Assignment: In the listing below, find each line holding "Pack" and copy it.

Available data:
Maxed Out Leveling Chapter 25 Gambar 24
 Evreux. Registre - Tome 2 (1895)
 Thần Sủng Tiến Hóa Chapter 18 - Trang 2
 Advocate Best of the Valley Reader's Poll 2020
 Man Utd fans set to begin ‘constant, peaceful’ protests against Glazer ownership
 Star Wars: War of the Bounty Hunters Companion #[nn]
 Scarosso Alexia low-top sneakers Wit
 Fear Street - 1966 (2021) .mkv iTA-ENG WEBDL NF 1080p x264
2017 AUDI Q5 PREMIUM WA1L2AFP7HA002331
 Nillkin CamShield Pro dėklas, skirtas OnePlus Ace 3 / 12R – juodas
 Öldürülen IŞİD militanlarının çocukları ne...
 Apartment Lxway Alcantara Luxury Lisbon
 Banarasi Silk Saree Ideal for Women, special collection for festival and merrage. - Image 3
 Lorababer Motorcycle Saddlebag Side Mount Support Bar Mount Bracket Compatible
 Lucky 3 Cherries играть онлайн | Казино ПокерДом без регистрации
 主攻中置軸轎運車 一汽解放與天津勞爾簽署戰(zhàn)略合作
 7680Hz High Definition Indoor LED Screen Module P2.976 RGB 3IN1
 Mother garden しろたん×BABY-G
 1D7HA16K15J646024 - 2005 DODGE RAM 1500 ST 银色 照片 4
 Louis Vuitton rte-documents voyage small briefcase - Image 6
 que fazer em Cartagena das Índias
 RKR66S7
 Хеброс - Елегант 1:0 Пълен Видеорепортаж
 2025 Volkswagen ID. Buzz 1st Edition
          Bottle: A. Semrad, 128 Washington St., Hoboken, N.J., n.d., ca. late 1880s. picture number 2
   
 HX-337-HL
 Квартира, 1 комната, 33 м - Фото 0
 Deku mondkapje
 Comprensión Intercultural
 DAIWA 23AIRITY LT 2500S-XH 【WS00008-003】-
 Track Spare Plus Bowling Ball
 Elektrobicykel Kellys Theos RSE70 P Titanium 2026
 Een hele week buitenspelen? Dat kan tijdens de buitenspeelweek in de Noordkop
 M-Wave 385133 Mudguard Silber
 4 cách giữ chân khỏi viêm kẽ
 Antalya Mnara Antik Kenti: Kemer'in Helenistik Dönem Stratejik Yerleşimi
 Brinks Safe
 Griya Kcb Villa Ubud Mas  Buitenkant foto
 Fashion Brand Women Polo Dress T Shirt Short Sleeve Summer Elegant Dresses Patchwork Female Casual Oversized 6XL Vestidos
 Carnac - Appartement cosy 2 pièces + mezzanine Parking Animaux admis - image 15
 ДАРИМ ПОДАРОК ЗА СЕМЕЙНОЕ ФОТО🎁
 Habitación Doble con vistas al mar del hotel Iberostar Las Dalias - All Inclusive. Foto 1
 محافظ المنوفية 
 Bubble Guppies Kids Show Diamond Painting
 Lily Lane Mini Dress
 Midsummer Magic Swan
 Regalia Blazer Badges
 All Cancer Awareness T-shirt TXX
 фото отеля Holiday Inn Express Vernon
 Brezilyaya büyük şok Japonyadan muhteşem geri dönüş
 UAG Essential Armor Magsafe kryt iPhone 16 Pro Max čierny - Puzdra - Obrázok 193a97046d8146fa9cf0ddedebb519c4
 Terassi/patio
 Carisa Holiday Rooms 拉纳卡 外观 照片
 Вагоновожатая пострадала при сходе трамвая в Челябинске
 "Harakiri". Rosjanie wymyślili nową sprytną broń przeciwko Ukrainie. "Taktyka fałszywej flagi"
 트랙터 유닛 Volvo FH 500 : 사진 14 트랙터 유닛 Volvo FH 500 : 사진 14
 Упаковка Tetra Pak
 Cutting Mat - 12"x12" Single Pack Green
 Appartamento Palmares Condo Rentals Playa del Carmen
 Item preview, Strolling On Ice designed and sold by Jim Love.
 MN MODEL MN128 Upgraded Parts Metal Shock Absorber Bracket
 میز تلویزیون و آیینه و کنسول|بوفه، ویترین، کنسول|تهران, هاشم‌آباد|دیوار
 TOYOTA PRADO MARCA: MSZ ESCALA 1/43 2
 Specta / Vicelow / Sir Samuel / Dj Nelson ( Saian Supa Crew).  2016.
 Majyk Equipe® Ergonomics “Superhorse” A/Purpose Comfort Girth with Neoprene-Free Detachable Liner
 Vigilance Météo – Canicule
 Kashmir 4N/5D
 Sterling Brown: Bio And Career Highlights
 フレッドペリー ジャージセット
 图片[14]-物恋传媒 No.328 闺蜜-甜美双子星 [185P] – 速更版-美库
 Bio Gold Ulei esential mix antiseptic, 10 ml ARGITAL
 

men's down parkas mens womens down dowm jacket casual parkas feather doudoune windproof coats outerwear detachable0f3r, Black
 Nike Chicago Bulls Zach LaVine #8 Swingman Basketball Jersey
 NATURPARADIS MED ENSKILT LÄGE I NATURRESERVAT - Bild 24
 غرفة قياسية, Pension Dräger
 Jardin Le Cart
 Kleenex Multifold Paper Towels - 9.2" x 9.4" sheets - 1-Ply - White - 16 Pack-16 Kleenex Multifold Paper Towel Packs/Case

Result:
 Cutting Mat - 12"x12" Single Pack Green
 Kleenex Multifold Paper Towels - 9.2" x 9.4" sheets - 1-Ply - White - 16 Pack-16 Kleenex Multifold Paper Towel Packs/Case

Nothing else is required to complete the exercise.